[Image-caption web data]
-*-

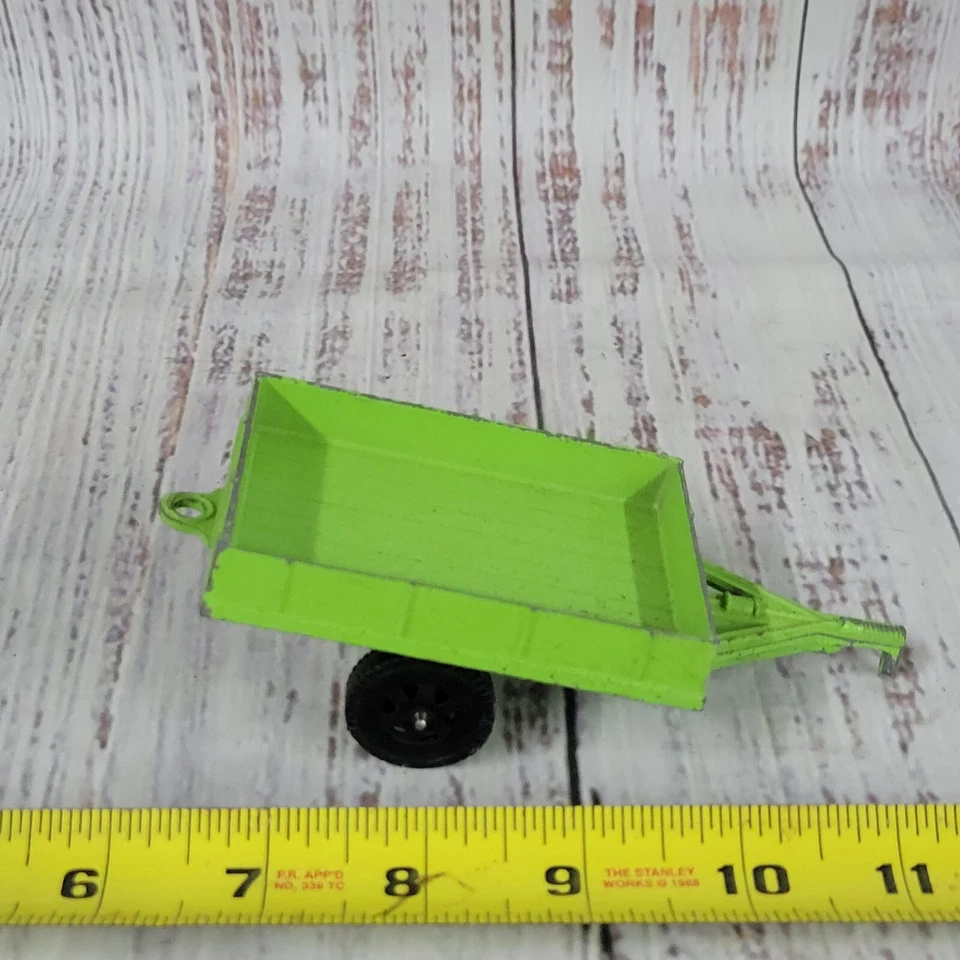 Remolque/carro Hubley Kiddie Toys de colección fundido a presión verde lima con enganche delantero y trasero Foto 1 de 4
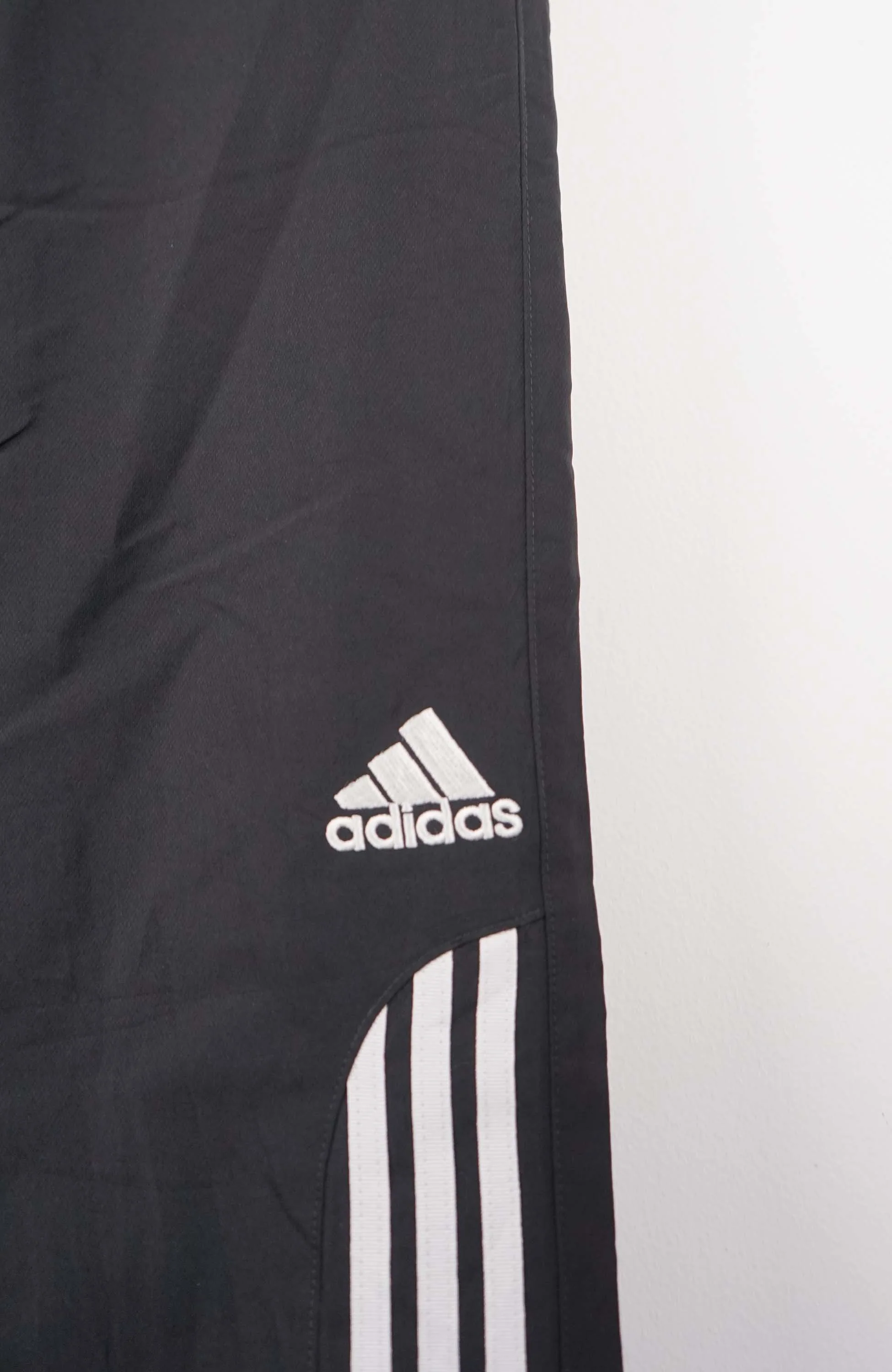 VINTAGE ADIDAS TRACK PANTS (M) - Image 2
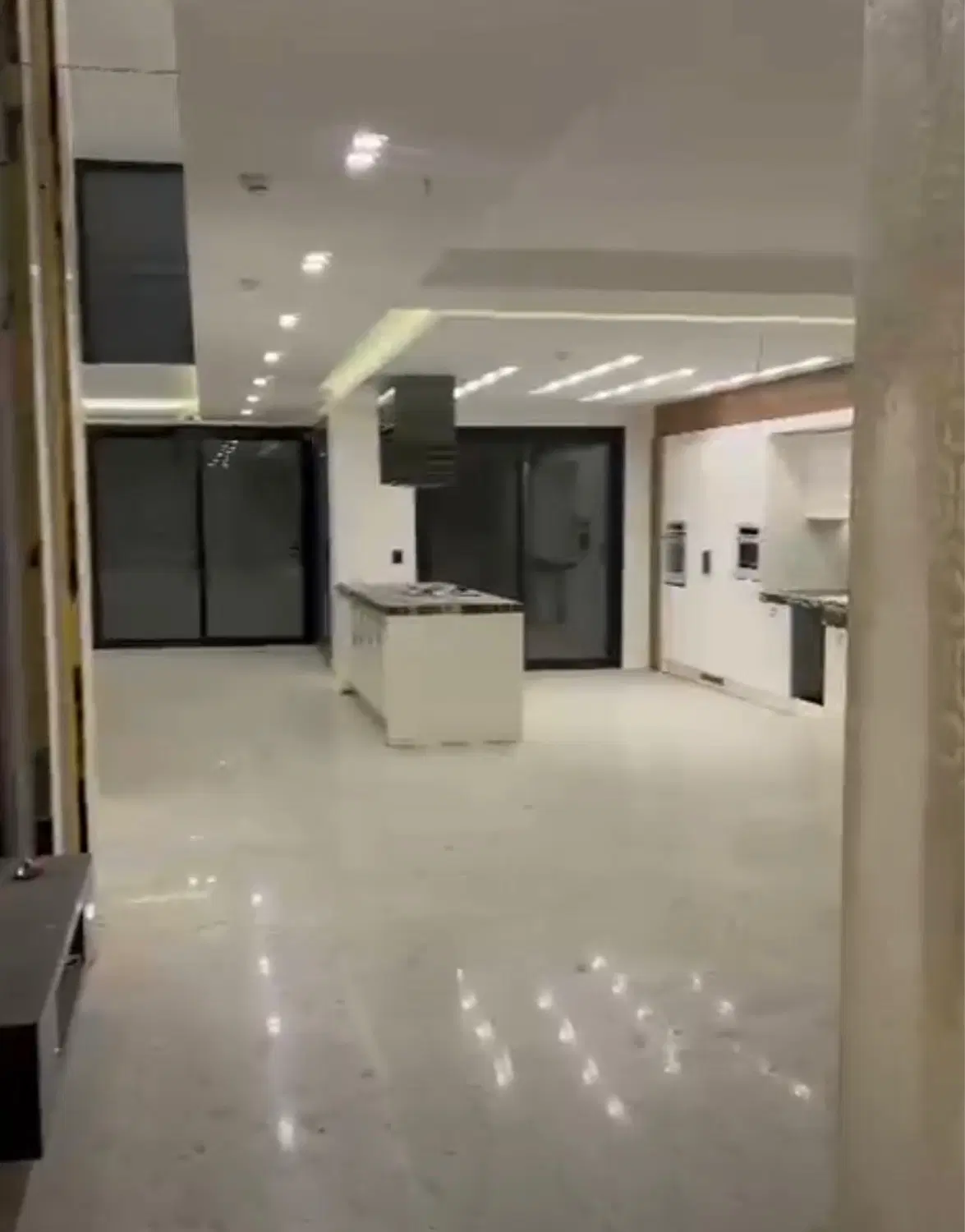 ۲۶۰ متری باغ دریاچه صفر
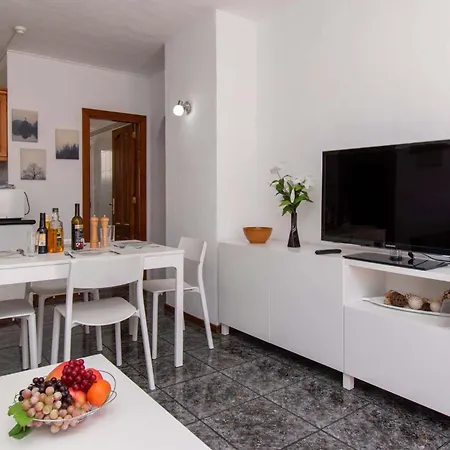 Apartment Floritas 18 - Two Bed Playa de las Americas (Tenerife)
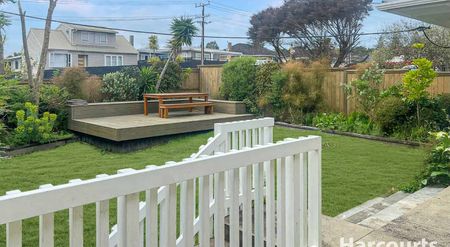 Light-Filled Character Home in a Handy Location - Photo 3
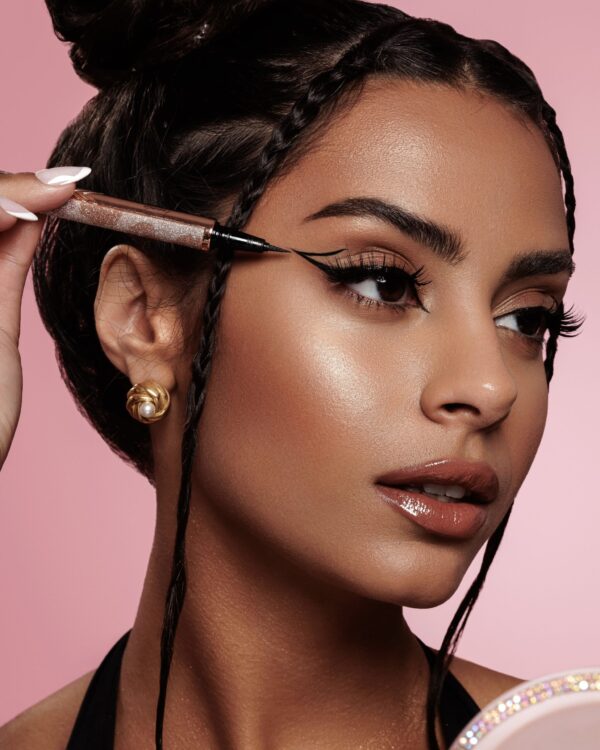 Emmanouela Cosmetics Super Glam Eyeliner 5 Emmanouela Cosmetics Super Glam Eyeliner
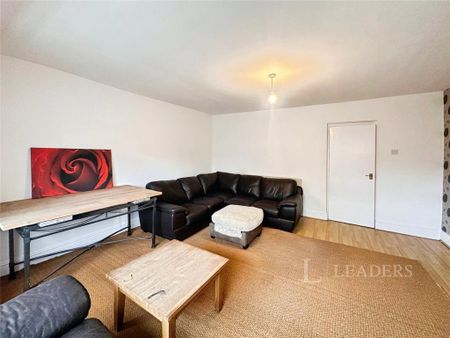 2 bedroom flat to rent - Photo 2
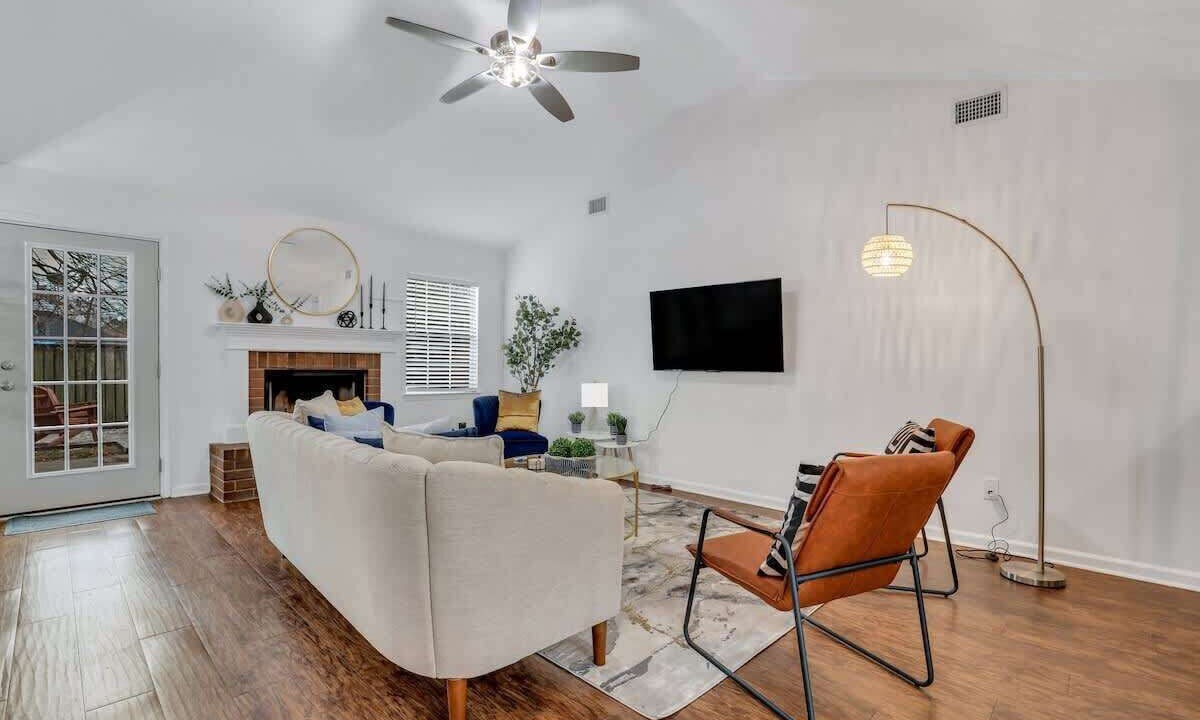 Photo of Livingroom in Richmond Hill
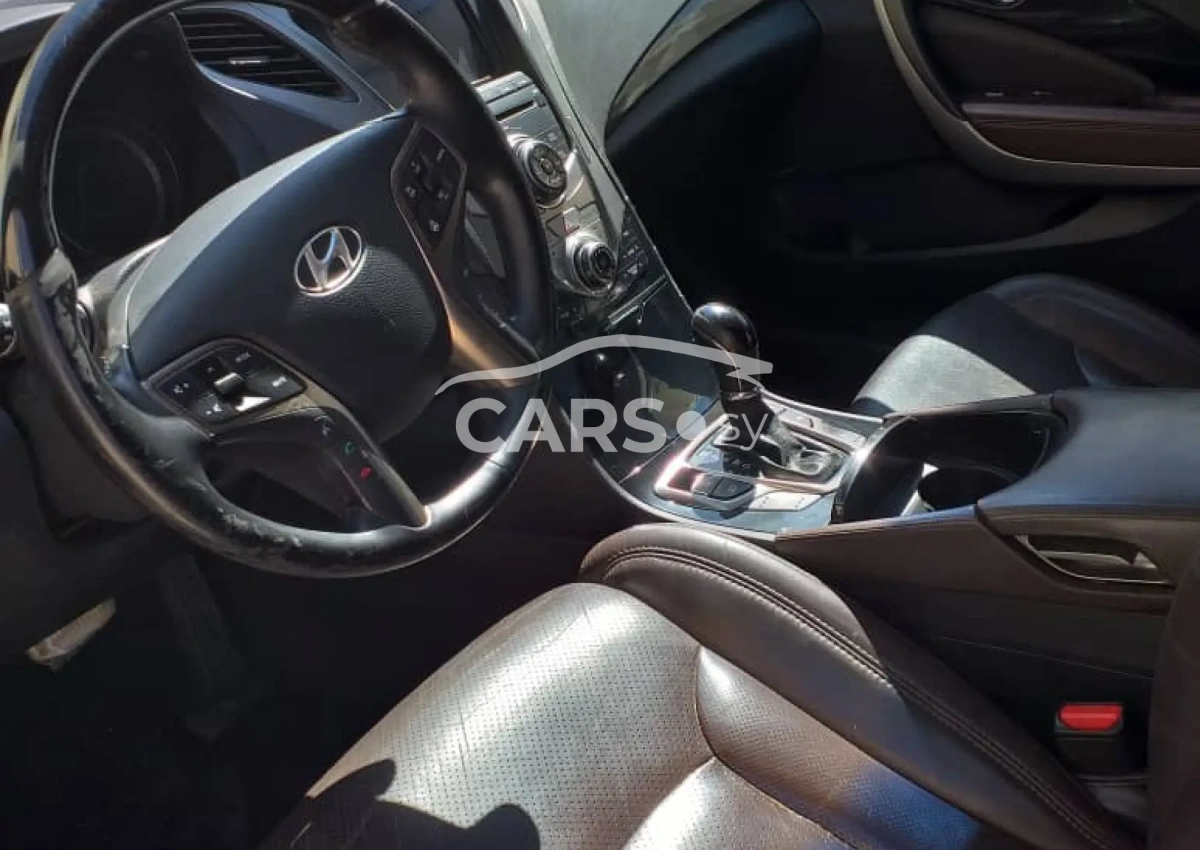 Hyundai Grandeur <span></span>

-*-

## WORK REQUEST
Write the entries above out again exactly, but not the pictures.

## ANSWER TO THE PROBLEM
 Remolque/carro Hubley Kiddie Toys de colección fundido a presión verde lima con enganche delantero y trasero Foto 1 de 4
 VINTAGE ADIDAS TRACK PANTS (M) - Image 2
 ۲۶۰ متری باغ دریاچه صفر
 Apartment Floritas 18 - Two Bed Playa de las Americas (Tenerife)
 Light-Filled Character Home in a Handy Location - Photo 3
 Emmanouela Cosmetics Super Glam Eyeliner 5 Emmanouela Cosmetics Super Glam Eyeliner
 2 bedroom flat to rent - Photo 2
 Photo of Livingroom in Richmond Hill
 Hyundai Grandeur <span></span>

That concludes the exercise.